- WHAT THE EXERCISE ASKS -
How many lines of these records hold the string "County"? Reply with the number alone.

Dataset items:
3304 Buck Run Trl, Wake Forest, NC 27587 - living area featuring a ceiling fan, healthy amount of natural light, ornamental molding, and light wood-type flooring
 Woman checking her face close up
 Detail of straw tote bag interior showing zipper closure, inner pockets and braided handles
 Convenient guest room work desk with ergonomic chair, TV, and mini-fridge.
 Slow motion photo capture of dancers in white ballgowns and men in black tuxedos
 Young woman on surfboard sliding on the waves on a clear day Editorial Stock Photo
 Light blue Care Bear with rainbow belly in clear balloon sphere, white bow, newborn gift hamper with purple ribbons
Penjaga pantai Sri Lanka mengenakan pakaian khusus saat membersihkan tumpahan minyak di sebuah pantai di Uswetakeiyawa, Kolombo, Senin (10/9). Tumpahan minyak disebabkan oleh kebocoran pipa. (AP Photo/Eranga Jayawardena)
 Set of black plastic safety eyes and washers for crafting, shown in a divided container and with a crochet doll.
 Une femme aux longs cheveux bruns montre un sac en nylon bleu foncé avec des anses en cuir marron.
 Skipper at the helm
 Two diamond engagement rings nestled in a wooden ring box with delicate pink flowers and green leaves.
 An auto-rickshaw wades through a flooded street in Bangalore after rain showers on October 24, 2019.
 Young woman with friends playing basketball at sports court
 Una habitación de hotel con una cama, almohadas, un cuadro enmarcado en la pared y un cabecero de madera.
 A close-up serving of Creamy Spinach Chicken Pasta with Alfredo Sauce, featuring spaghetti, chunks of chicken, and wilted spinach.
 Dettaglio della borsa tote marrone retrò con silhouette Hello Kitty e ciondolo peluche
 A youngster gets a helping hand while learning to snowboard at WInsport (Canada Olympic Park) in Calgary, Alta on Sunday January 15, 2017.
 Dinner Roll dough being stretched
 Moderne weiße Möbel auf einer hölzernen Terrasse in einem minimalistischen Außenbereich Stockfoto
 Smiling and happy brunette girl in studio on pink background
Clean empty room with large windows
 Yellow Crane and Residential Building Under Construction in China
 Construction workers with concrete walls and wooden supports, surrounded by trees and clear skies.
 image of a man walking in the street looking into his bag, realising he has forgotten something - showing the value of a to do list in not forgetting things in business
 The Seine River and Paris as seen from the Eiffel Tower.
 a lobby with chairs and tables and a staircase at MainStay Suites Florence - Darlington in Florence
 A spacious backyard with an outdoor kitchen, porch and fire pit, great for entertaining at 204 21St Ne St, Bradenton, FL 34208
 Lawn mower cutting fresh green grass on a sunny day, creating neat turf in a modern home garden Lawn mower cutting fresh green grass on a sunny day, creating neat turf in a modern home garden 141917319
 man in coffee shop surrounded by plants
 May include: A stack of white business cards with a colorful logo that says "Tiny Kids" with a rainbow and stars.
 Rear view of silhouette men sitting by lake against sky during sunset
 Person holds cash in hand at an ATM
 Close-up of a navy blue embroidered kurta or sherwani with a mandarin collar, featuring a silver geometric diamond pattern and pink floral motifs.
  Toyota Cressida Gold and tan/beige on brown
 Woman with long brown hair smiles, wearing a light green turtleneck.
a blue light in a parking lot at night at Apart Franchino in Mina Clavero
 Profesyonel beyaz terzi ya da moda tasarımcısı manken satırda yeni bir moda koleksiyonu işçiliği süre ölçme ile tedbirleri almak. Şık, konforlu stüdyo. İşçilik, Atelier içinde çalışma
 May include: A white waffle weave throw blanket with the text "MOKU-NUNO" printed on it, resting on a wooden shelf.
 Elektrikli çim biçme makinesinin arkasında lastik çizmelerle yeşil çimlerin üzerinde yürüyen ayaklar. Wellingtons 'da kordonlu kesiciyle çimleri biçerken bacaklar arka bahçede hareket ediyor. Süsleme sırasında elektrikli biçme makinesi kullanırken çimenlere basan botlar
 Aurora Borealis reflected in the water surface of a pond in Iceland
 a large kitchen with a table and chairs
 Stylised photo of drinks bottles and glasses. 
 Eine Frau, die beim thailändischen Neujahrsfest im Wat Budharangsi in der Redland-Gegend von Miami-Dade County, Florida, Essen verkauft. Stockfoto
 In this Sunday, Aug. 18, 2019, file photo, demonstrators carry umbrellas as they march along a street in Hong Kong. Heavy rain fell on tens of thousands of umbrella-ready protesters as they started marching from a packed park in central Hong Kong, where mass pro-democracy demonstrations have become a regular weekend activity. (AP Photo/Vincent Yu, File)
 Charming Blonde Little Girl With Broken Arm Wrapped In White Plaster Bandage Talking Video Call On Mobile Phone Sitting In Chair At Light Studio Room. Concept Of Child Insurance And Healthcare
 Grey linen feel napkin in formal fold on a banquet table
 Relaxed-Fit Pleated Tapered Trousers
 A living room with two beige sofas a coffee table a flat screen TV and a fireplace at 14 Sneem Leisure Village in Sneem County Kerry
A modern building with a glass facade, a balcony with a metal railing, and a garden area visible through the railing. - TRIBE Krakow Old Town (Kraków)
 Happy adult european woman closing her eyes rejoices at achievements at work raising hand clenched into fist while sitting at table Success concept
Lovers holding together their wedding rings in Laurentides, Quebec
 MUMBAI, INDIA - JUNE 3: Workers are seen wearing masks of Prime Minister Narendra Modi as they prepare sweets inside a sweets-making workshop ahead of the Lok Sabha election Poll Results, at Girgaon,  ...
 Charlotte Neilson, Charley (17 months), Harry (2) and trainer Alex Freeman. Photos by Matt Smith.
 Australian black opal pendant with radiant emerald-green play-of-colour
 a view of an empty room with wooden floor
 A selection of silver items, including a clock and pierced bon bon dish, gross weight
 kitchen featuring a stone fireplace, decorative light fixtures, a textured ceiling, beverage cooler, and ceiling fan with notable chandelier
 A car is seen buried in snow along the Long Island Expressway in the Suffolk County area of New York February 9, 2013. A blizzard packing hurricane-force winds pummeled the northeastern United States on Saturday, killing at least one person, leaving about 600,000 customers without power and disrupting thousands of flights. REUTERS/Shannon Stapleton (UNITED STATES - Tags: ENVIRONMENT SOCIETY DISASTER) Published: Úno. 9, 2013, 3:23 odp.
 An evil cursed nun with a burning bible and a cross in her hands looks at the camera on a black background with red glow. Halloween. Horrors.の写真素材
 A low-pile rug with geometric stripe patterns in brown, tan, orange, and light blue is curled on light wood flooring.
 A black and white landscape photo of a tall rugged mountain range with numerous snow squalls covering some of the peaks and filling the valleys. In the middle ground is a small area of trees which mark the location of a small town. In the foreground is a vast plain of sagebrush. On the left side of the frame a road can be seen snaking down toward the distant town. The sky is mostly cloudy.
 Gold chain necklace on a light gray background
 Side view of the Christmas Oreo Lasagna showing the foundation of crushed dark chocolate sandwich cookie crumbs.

- RESPONSE FOR THIS EXERCISE -
3